Un primato che non fa onore e che dovrebbe spingere il governo ad agire. Per iniziare a ottenere qualche risultato, basterebbe che si aprisse il cassetto per distribuire le risorse che attendono di essere spese. Al ministero di Pichetto Fratin sono lasciati in sospeso poco meno di 600 milioni di euro stanziati per il triennio 2022-2024.
Raffinerie senza riconversione
Finanziamenti che puntano a limitare lo smog nelle città, riconvertire l’industria con maggiori emissioni e prevenire fenomeni di inquinamento delle acque marine. Insomma, il governo Meloni ha ereditato un sostanzioso pacchetto dal precedente esecutivo, immaginato per spingere le politiche green.
Si parla anche dei 260 milioni di euro per il fondo destinato alla decarbonizzazione e la riconversione verde delle raffinerie. La misura risale al primo decreto Energia, firmato da Draghi, nel marzo del 2022. Entro la fine dello scorso mese di agosto l’allora ministro della Transizione ecologica, Roberto Cingolani, avrebbe dovuto decidere come distribuire i 205 milioni di euro per il 2022, i 45 milioni di euro per il 2023 e i restanti 10 milioni per il prossimo anno.
Un’operazione che non è stata portata a termine, ma che è molto piaciuta al governo di destra, tanto da essere ripresa da Pichetto Fratin. Nel decreto Aiuti quater dello scorso novembre la dotazione è stata riproposta uguale alla precedente. La scadenza del decreto era stata aggiornata al 31 marzo, lanciando il segnale di un’attenzione sul tema della riconversione.
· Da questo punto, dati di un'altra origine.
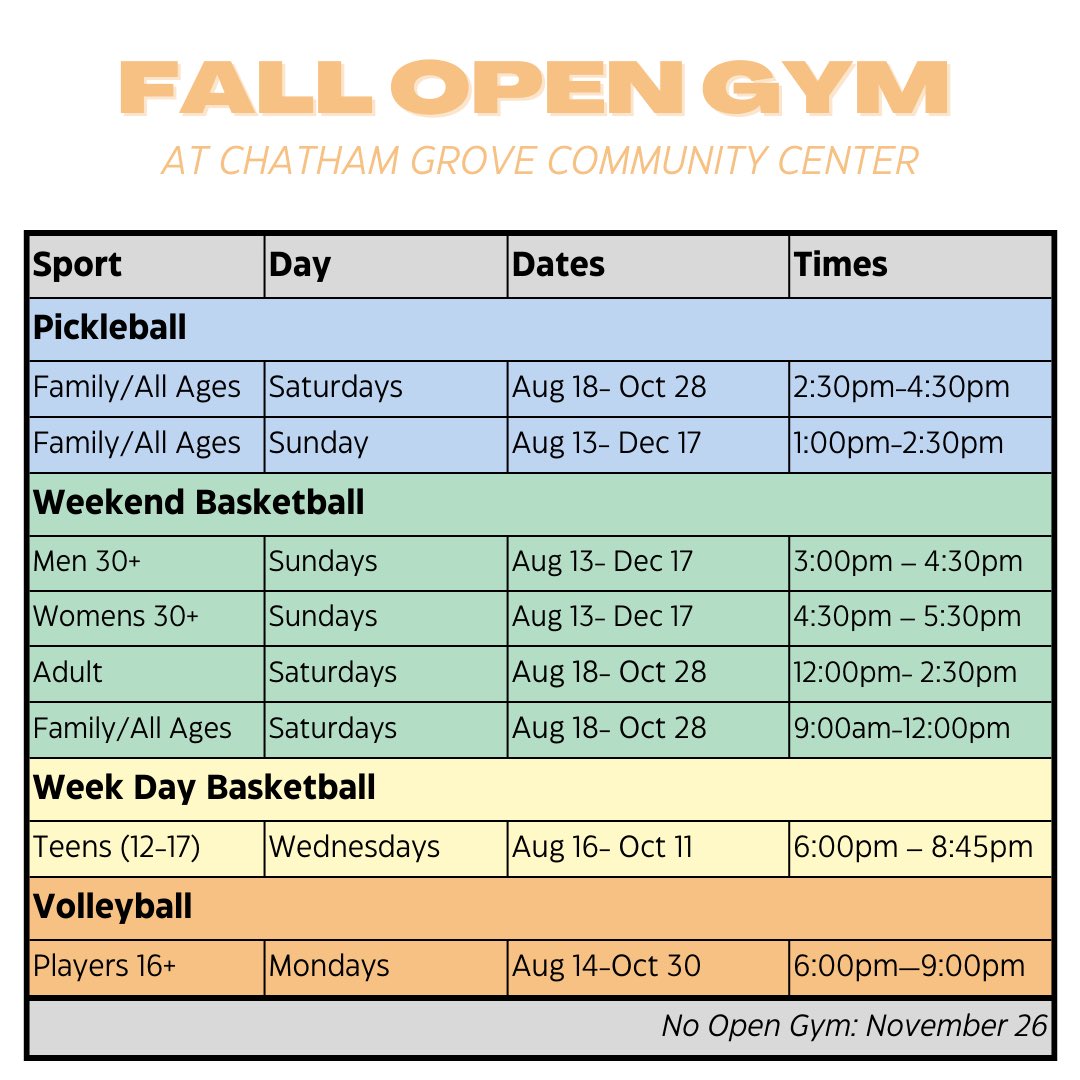 ChatCoParksRec's tweet photo. Have you seen our Fall Open Gym schedule? We have basketball, pickleball, and volleyball open gym available on a weekly basis at Chatham Grove Community Center! https://t.co/0B0hOtWxVe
Dopo quasi quattro mesi si attende ancora l’emanazione del provvedimento. Il risultato? Le risorse restano stoccate negli uffici del ministero.
Fondo nel pantano
A spiccare è poi la mancata assegnazione del fondo per assicurare l’efficace attuazione del programma nazionale di controllo dell’inquinamento atmosferico. L’Unione europea ha bacchettato più volte l’Italia per il mancato rispetto «sistematico e continuativo» del valore limite annuale fissato per il biossido d’azoto. Insomma, sullo smog c’era tanto da fare.
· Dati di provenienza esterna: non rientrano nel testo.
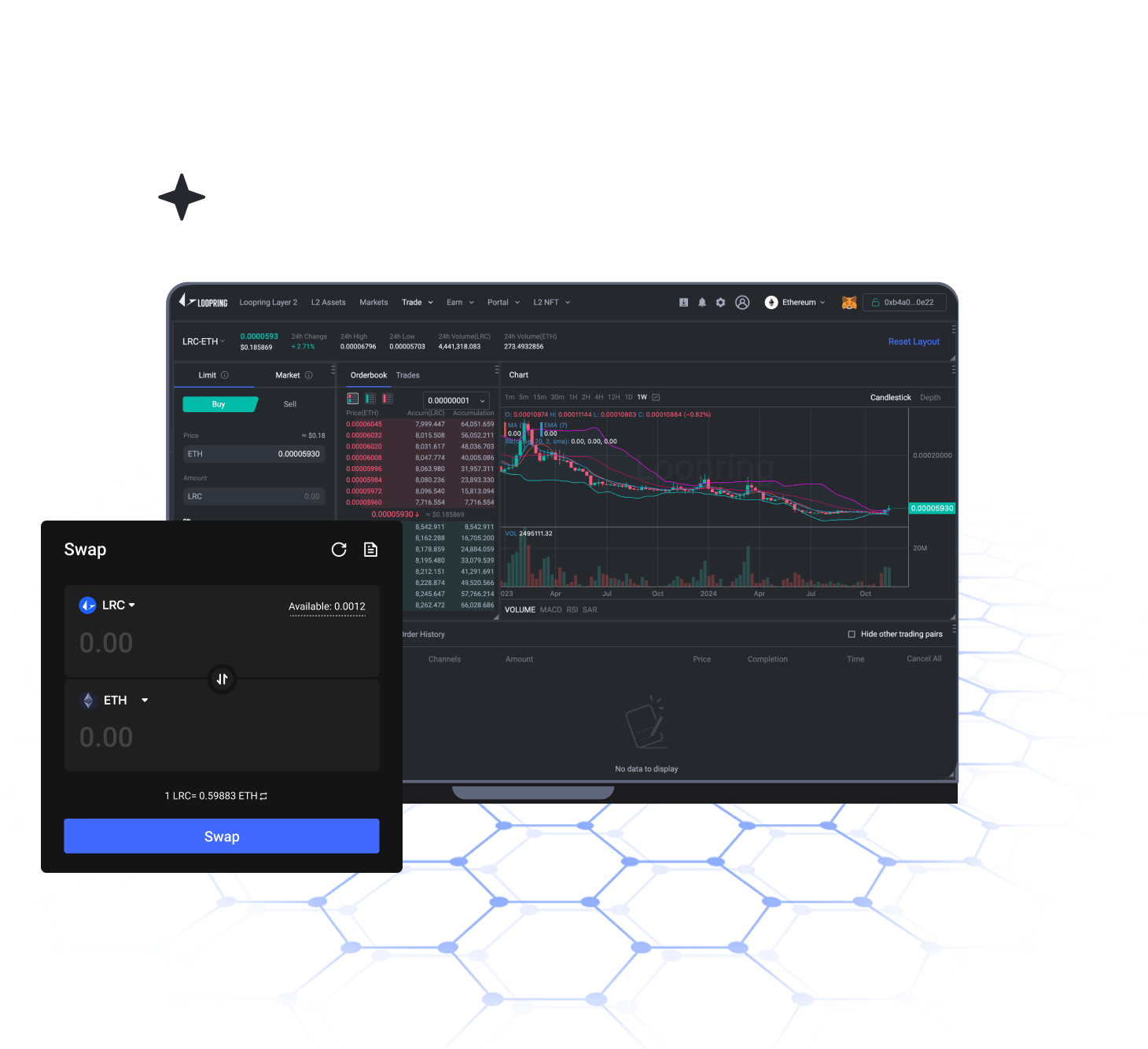 Loopring layer 2 DEX zk rollup platform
Per questo nella Legge di Bilancio del governo Draghi era stato approvato un piano anti-inquinamento. Lo stanziamento era modulato, in aumento, su base pluriennale. Nel 2022 il plafond era solo di 50 milioni di euro, raddoppiati per il 2023, e fino alla crescita di 150 milioni di euro nel 2024 e nel 2025. L’intervento era stato organizzato con una logica strutturale: dal 2026 in poi, sarebbero stati investiti 200 milioni all’anno fino al 2035. In totale si parla di circa 2,5 miliardi euro per finanziare bandi e progetti nazionali sul contrasto dell’inquinamento atmosferico. I decreti attuativi, anche in questo caso, non sono pronti. Prima di dare il via effettivo al progetto, occorrerà aspettare vari mesi.
C’è poi il capitolo della lotta alla diffusione della plastica, che per Draghi era una priorità e per l’esecutivo di Meloni sembra lo sia meno, nonostante si parli di incentivi alle aziende. Restano infatti fermi 30 milioni di euro (10 milioni all’anno dal 2022 al 2024), stanziati per stimolare le aziende che usano plastica monouso a impiegare prodotti riutilizzabili, alternativi alla plastica.
A questi si sommano altri 9 milioni di euro per il contributo all’acquisto e utilizzo di materiali di prodotti biodegradabili, al posto di quelli in plastica monouso. E sempre in materia di inquinamento e controllo del territorio, ci sono misure a costo zero da attuare, come le modifiche al programma di prevenzione e di gestione degli imballaggi e dei rifiuti di imballaggio, le iniziative per la «protezione dell’ambiente marino dagli effetti negativi degli scarichi dei rifiuti da parte delle navi» e la «definizione dei criteri per la gestione degli scarichi degli impianti di desalinizzazione».